Thorstein Veblen. (1899). The Theory of the Leisure Class: An Economic Study of Institutions.

Unearthly language

Such Veblenisms continue painfully for some three hundred pages. While he may be the father of institutional economics, it does not excuse his verbosity and humbug. Black points to the satirist Henry Louis Mencken, who charges Veblen of thinking in an “unearthly” language before “clawing” it into “copious” English: 

“Well, what have we here? What does this appalling salvo of rhetorical artillery signify?…  I studied the whole paragraph for three days, halting only for prayer and sleep, and I came to certain conclusions… To say what might have been said on a postage stamp he took more than a page in his book… A cent’s worth of information wrapped in a bale of polysyllables. In “The Higher Learning in America” the thing perhaps reached its damndest and worst. It was as if the practice of that incredibly obscure and malodorous style were a relentless disease, a sort of progressive intellectual diabetes, a leprosy of the horse sense. Words were flung upon words until all recollection that there must be a meaning in them, a ground and excuse for them, were lost. One wandered in a labyrinth of nouns, adjectives, verbs, pronouns, adverbs, prepositions, conjunctions and participles, most of them swollen and nearly all of them unable to walk. It was, and is, impossible to imagine worse English, within the limits of intelligible grammar. It was clumsy, affected, opaque, bombastic, windy, empty… The professor got himself enmeshed in his gnarled sentences like a bull trapped by barbed wire, and his efforts to extricate himself were quite as furious and quite as spectacular.”

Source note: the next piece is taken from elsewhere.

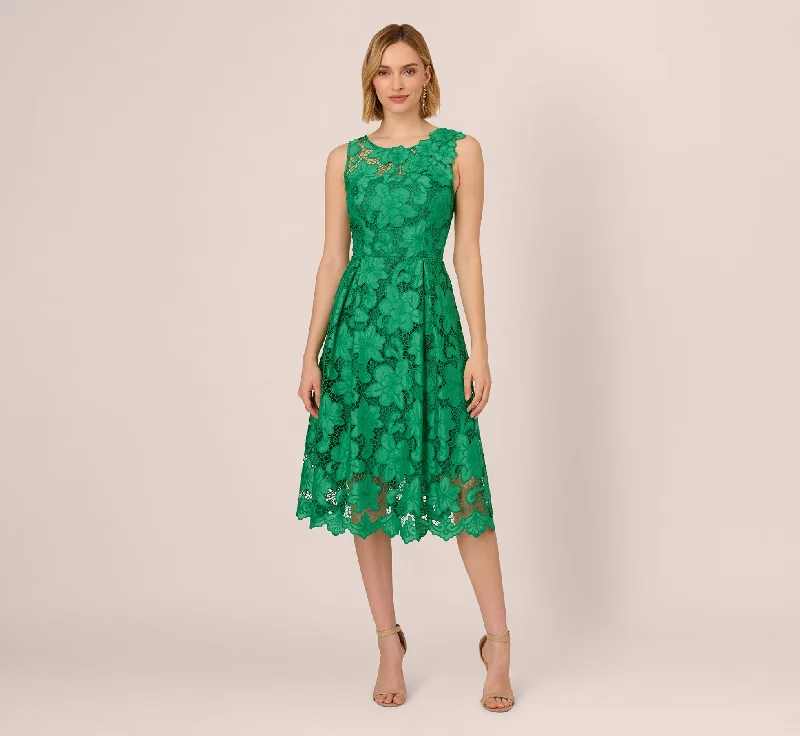 Lace Sleeveless Midi Dress With Sheer Neck And Hem In Green Fashionable Skater Midi Dress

Henry Louis Mencken. (1949). A Mencken Chrestomathy. In Max, Black. (1983). The Prevalence of Humbug.

Sensitivity, sincerity, and the Shavian probe

So is there anything we can do to wall against the buildup of humbug and bullshit? Frankfurt believes it is possible with a good dose of sensitivity and sincerity. The former requires a nose for hot air and an ability to see through fluff to find intent. The latter requires a shared desire to represent ourselves and the world more honestly. This is easier said than done.

Black similarly stresses the importance of “plain and clear” language. He recommends we learn from “anti-humbuggers” like Samuel Johnson, George Orwell, Anton Chekhov, E.B. White, Vladimir Nabokov, and Adlai Stevenson. He also encourages us to employ the “Shavian probe”, which prompts us to ask a simple question: “Do you really believe that?” The response you get can be telling because bullshit is vacuous. Follow-up questions act as a sieve for meaning.

Of course, the Shavian probe should apply not only to others, but to ourselves as well. The line between wishfulness, hyperbole, and bullshit can be rather murky. As Richard Feynman writes in an address to Caltech scientists, “the first principle is that you must not fool yourself—and you are the easiest person to fool. So you have to be very careful about that.” 

Black would agree, noting that “the constant practice of self-deception may produce a character that cheats as effortlessly as a bird sings: the mask eventually becomes ingrown.” Indeed, “humbug [and bullshit] might well be as ineradicable as degeneration and death”, he adds, “but that is a poor reason for indifference or complacency.”